From the tower above Soliton, I’d seen structures rising up through the trees, but it had been too dark to get more than a glimpse. From ground level, I have no idea where they might be, even if we wanted to go there.

So—the land isn’t too welcoming, either. Which doesn’t leave much, does it?

Rot.

When the pace of Meroe’s orders slows, I nudge her and call the Council together, a little ways off from the others. Shiara, for once, is less than her perfectly composed self—she must not have had time to apply her makeup. Zarun seems to be more in his element, barking commands to his crew, then striding over to me all swagger and confidence. It fades the moment the four of us are alone.

“What,” he says through gritted teeth, “the rotting hell is going on?”

“I don’t know,” I spit back, “any more than I knew last time.”

“You can’t—” Shiara begins.

“Talk to the ship?” I give an aggravated sigh. “Apparently not.”

“So now rotting what?” Zarun says.

The others look at me. Again.

“For now we stay here,” I say. “Hunker down and wait until morning.”

“That’s not much of a plan,” Shiara says.

“It’s a rotting lot better than blundering around a forest in the dark,” I say. “When the sun comes up we’ll be able to see what we’re walking into.”

“Assuming the sun does come up,” Zarun mutters. “We’re inside some kind of dome, remember?”

“We can see the moon and the stars,” Meroe says reasonably, “so I think we can assume we’ll be able to see the sun as well.” She glances at me. “I agree with Isoka that we should stay put until dawn.
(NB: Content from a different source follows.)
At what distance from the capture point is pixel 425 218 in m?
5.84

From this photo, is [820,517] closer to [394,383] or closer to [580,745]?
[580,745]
We’ll have to move pretty soon after that, though, to find fresh water.”

I nod. “For now, make sure nobody wanders off. I don’t want anyone outside our cordon.”

Zarun glances over his shoulder. “You think there’s something dangerous out there?”

“I’m just going to assume everything is trying to kill us until we prove otherwise.”

Shiara actually smiles, pale and vulnerable-looking without her face paint. “I can get behind that.”

The pair of them turn away, heading back to join the others. I step closer to Meroe, who’s staring off into the jungle.

“Hey.” She blinks and looks at me, and I take her hand. “You okay?”

“I’m okay.” Meroe takes a deep breath. “Just … trying to think.”

“You’re doing great.”

She looks a little embarrassed. “Everyone knows what they need to do. I’m just reminding them.”

I squeeze her hand, and she squeezes back, returning to her study of the forest. I follow her gaze.

“So what are you thinking?”

“You saw buildings, right? When we were coming in.”

I nod. “Just shadows, really, but that’s what it looked like.”

“I’m wondering if there’s people here.” She looks back at the ship. “The Scholar said that Soliton empties itself out every twenty years or so. We figured that was because every so often it went close enough to the Rot that everybody died.”

“If anyone survived, though, it looks like the angels force them off the ship here.” I frown. “Why?”

“Why does Soliton do anything?” Meroe shrugs. “But if there’s buildings, maybe someone’s living here. They might be able to help us.”

“Or try to kill us,” I say. “Or the buildings are as old as the docks, and full of crabs.”